Je l'ai lu par effet d'aubaine : j'avais encore subi une discussion pénible avec un collègue à qui je tentais d'expliquer qu'un État n'est pas un ménage et que le problème des dettes publiques ne se pose et ne se résout pas de la même façon. Pénible parce que je patinais à expliquer clairement pourquoi, mes relents de souvenirs de keynesianisme s'embrouillaient dans mon esprit vieillissant. J'avais aussi remarqué, interloqué, que la dette publique, mantra de toutes les politiques en France depuis le virage de 1983 (sans parler de l'assassinat de la tentative de changement grecque par la finance internationale et l'Europe politique réunies), a soudain disparu des radars avec le Covid sans que cela n'émeuve personne. Bref : je lis une critique sur Babelio peu avant Noël et roule dans la hotte et dans ma PAL.

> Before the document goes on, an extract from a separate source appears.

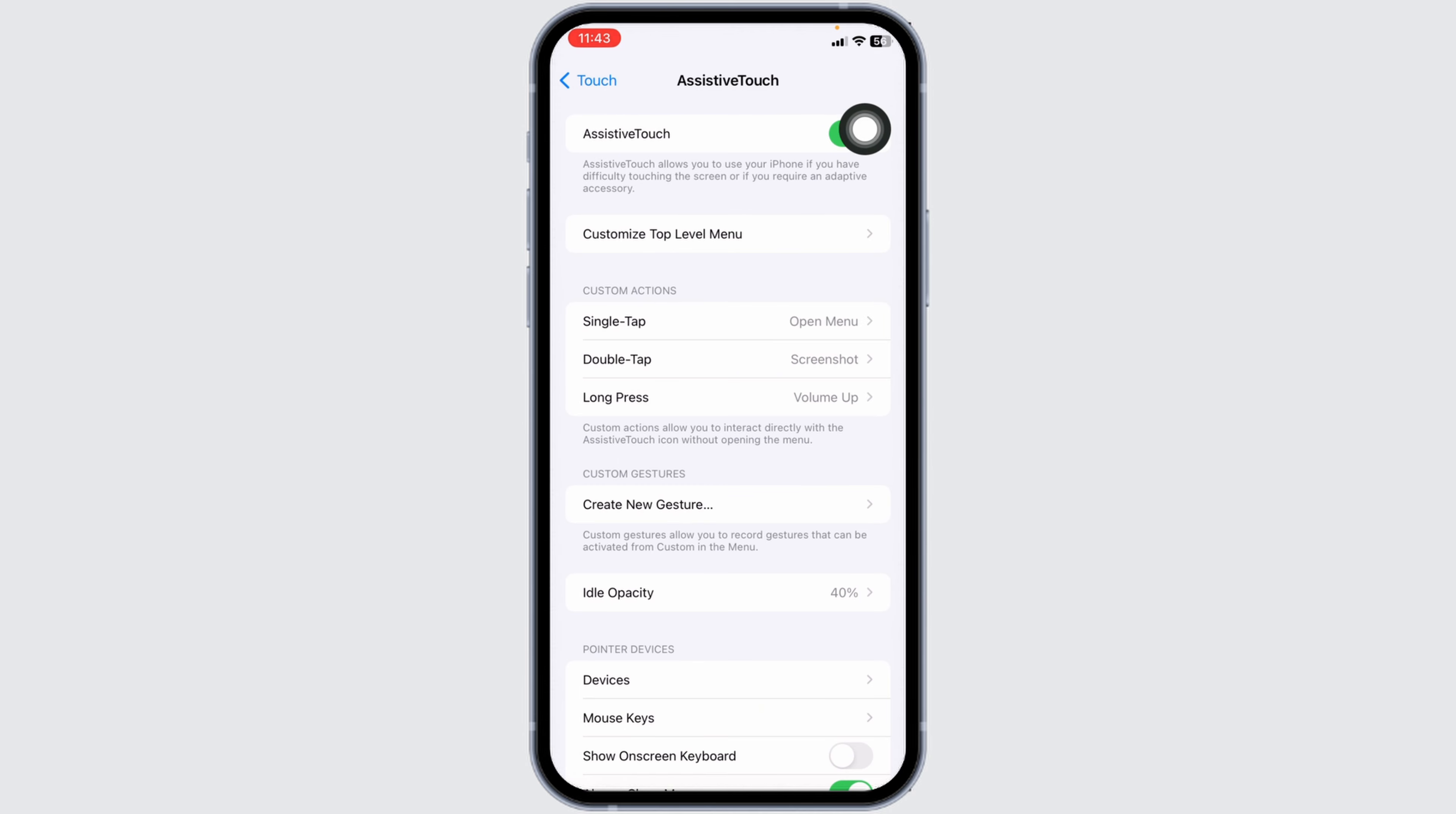Once you do that, you'll find this kind of icon over here. By using this icon you will be able to restart your iPhone.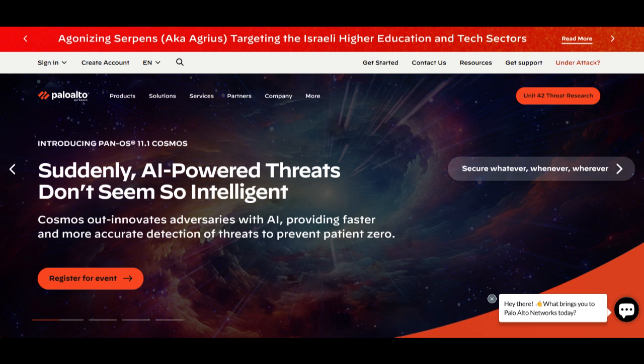Before selecting Palo Alto SD-WAN for your organization, it's crucial to assess whether the advantages and considerations align with your specific networking and security requirements, budget, and technical capabilities.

Et bien je n'ai pas été déçu !

Formidable parce que c'est un monument d'érudition associé à une théorie plutôt structurée utilisée comme grille de lecture.

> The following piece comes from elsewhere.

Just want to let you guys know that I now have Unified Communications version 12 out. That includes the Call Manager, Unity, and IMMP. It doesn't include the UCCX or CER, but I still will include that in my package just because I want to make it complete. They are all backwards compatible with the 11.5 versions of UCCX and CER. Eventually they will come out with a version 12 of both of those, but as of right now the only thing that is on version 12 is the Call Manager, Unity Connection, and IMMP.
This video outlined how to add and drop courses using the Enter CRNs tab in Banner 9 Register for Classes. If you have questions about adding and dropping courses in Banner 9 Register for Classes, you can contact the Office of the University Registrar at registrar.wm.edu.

Ce livre remet en question, pour ne pas dire démonte furieusement, l'ensemble de ce que nous sommes tous supposés tenir pour acquis sur le sujet. Et pas via de belles phrases ou arguments polémiques, mais en démontrant l'inanité des fondements des théories économiques au regard des faits historiques, des découvertes anthropologiques et du simple bon sens. Lesquels sont puisés aux quatre coins du monde et sur cinq mille ans d'histoire. Et organisés : l'auteur synthétise au passage les rapports humains sur une grille universelle (communisme, échange, hiérarchie) et démontre la place centrale du crédit et de la dette dans toutes les sociétés. Il expose en plus énormément de choses sur l'évolution du fonctionnement économique (et le rapport entre l'économie et la façon de concevoir le monde) de la plupart des civilisations depuis l'antiquité : Sumer et le Moyen-Orient puis le monde islamique ; la Chine et l'Inde au travers des âges ; pour l'occident, la Méditerranée antique, le moyen-âge européen, la révolution capitaliste et les temps modernes. Et c'est passionnant.

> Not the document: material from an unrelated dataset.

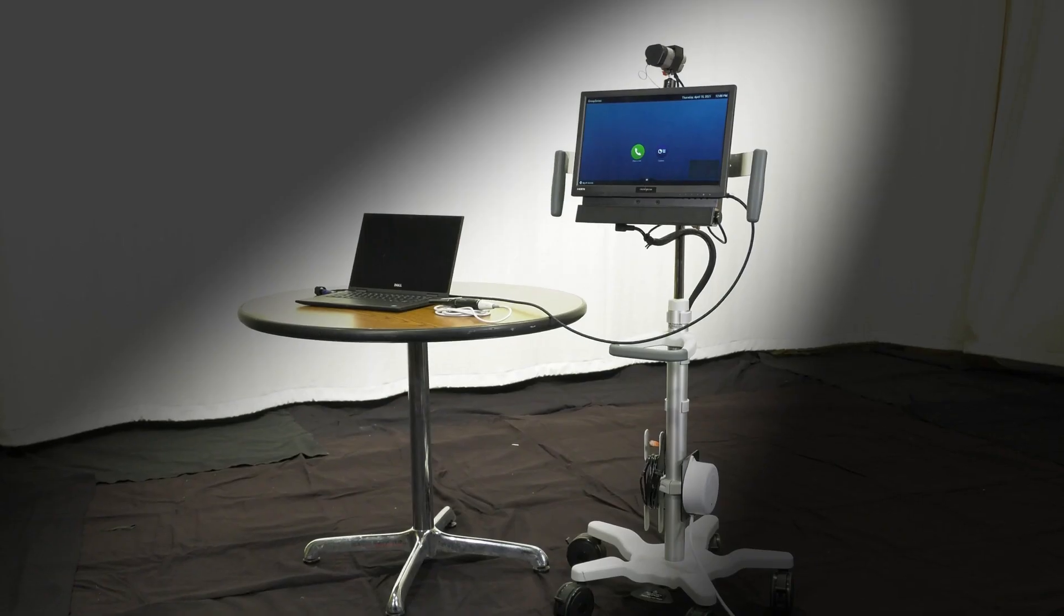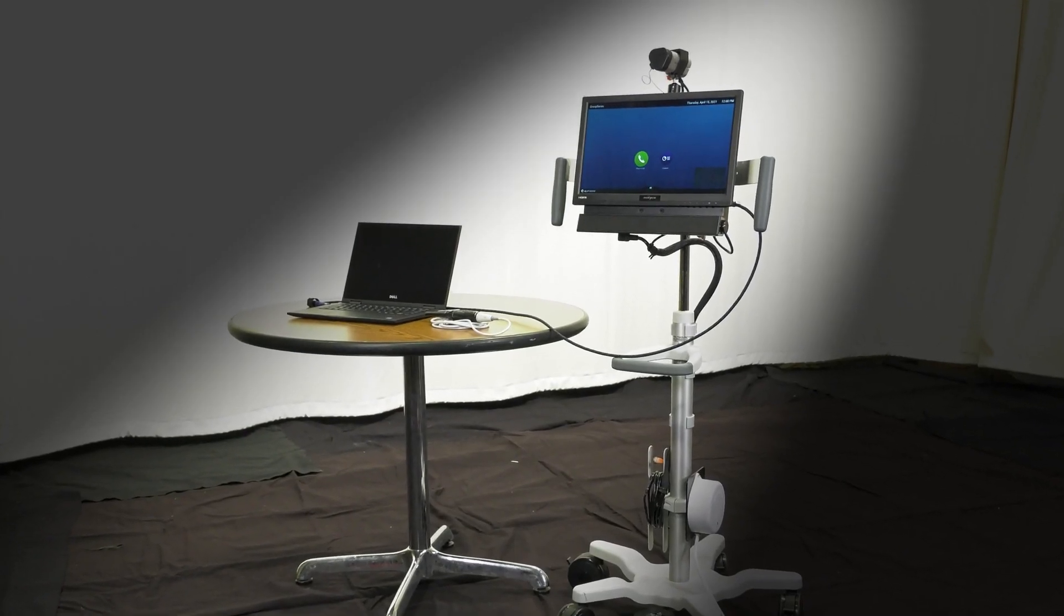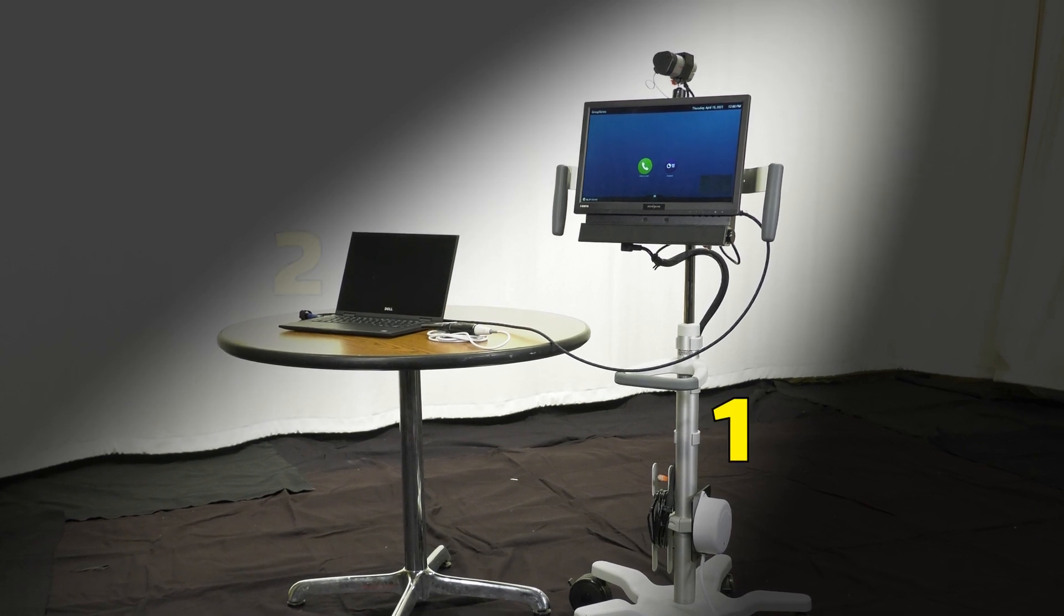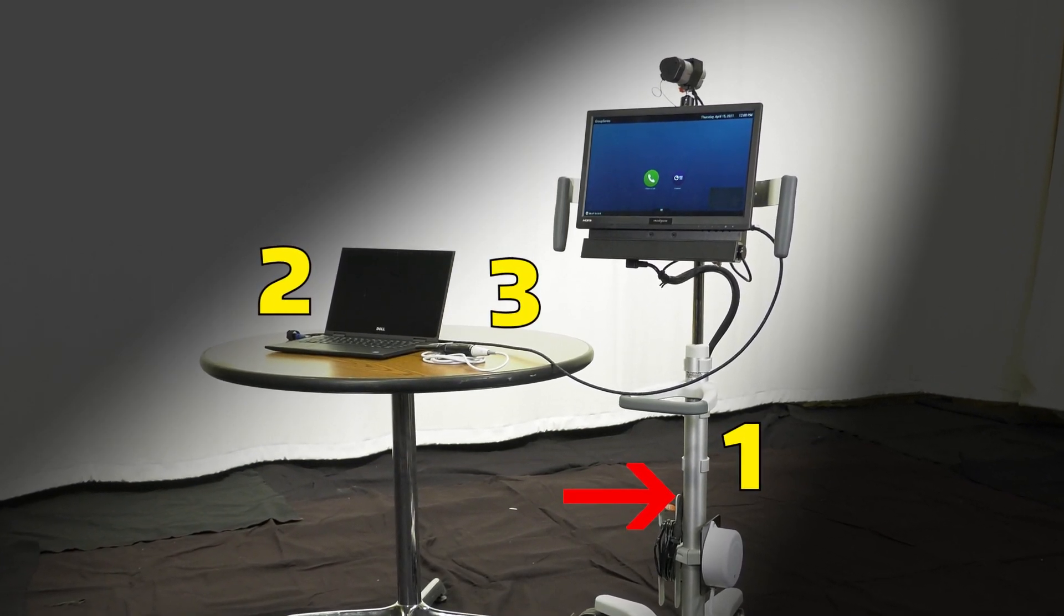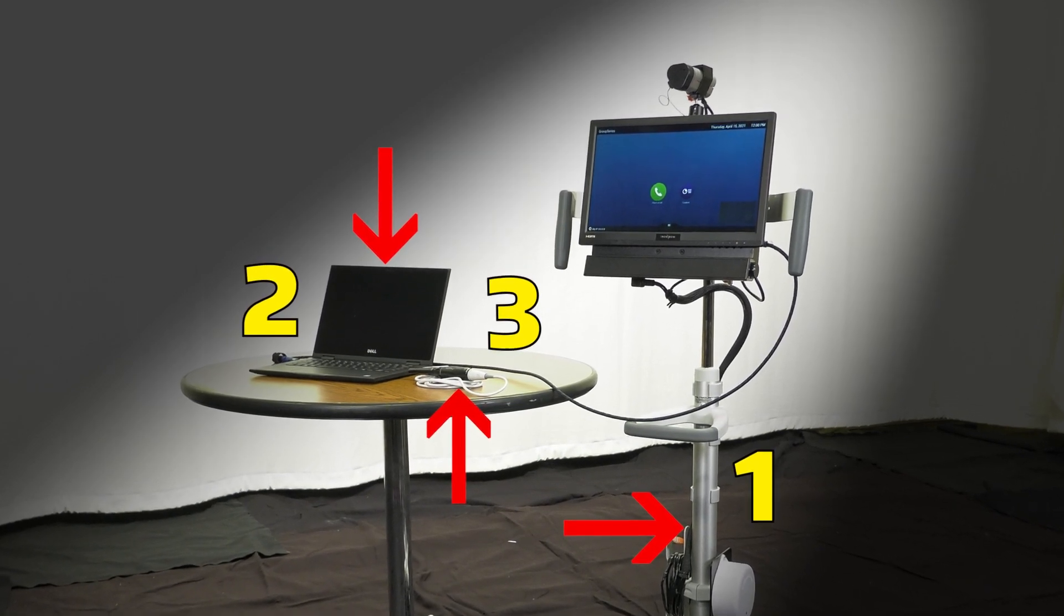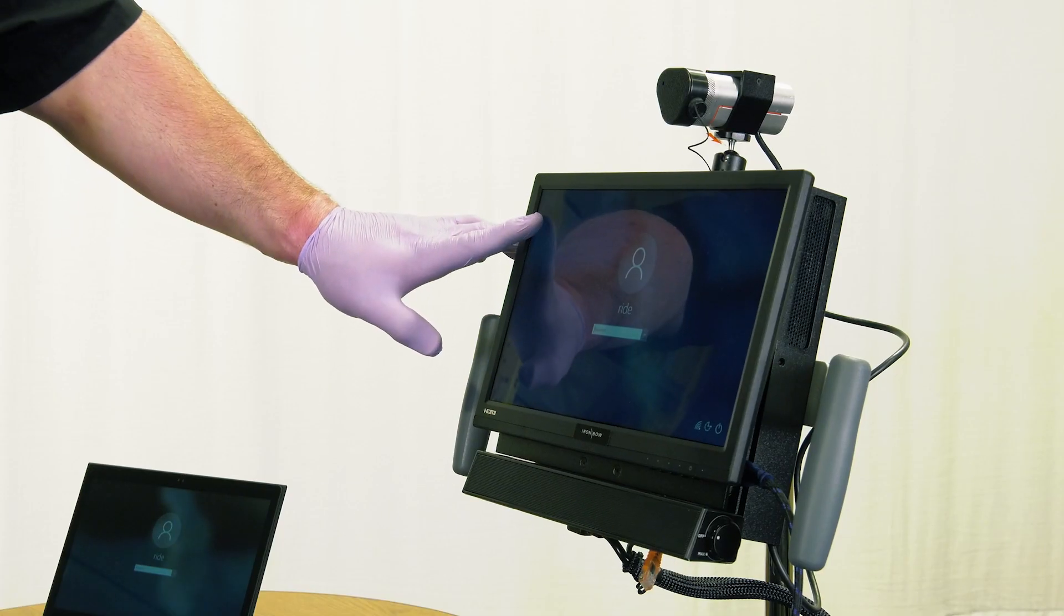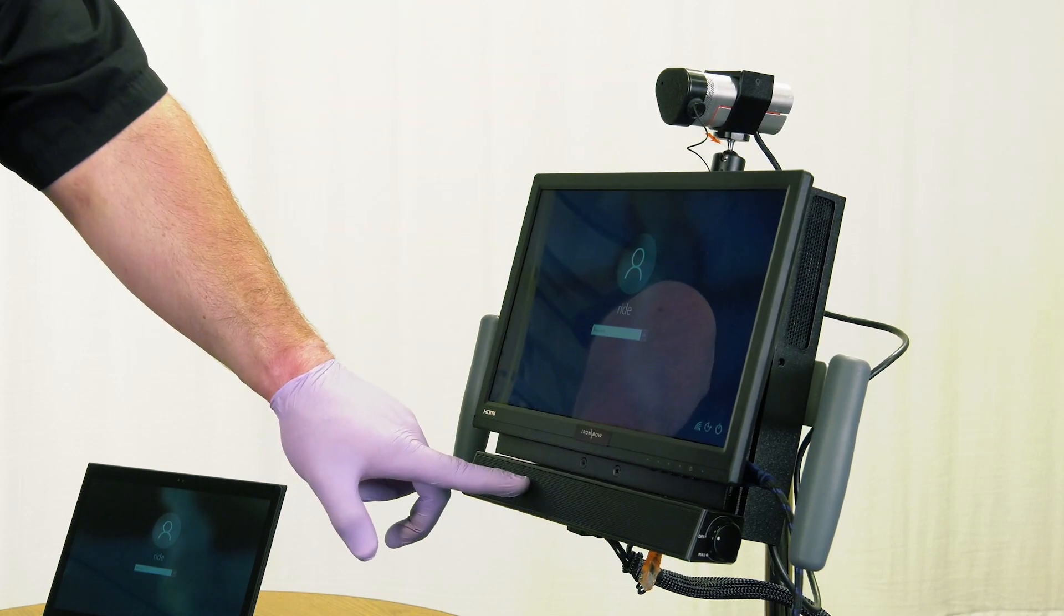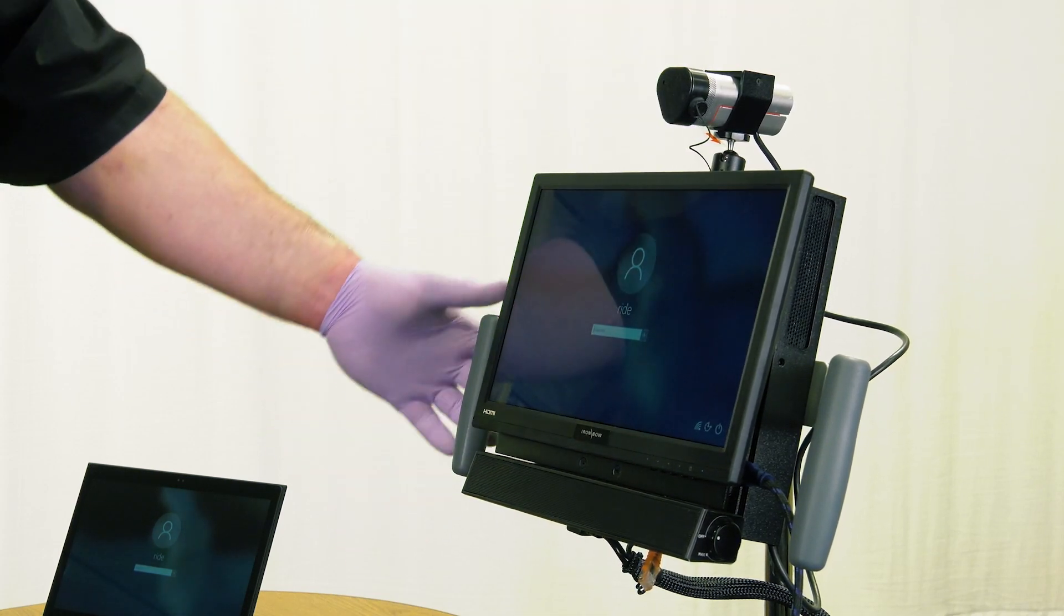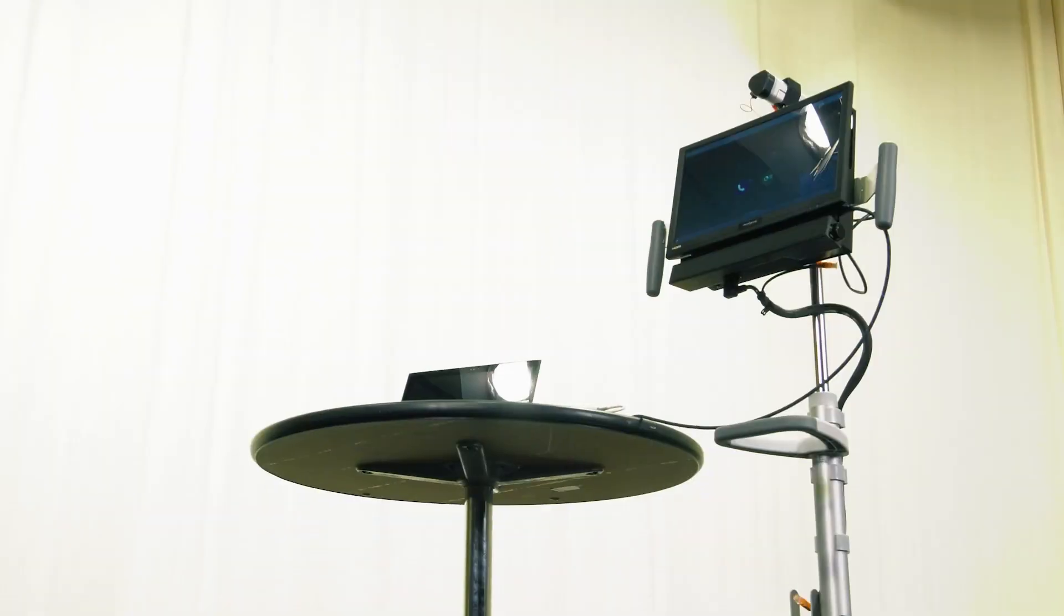The RIDE Teledentistry Video Conferencing Cart consists of three main components: the portable cart unit, the laptop, and the intraoral camera. The cart unit consists of a touchscreen, video codec, speaker, camera, adjustable frame, and base.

Désespérant parce que l'histoire de l'humanité n'est finalement qu'un long cortège d'atrocités avec juste quelques variations dans le niveau de violence. En gros, dès qu'on sort des groupes agraires isolés, c'est l'asservissement perpétuel de l'homme (y compris et en premier lieu de la femme) par l'homme avec comme arme idéologique la dette. Prétexte ou conséquence mais systématiquement : la dette. Et sur le temps long, il n'est pas évident que le niveau de violence ait tant baissé que ça, il ne faudrait pas que l'absence de guerres en Europe depuis 70 ans nous abuse (et encore, j'omets l'ex-Yougoslavie, l'Ukraine et autres ex-républiques soviétiques).

Bref, elle est pas jolie jolie la race suprême de la planète. En plus, sa dernière invention pour se martyriser les uns les autres, le capitalisme, l'emmène droit dans le mur.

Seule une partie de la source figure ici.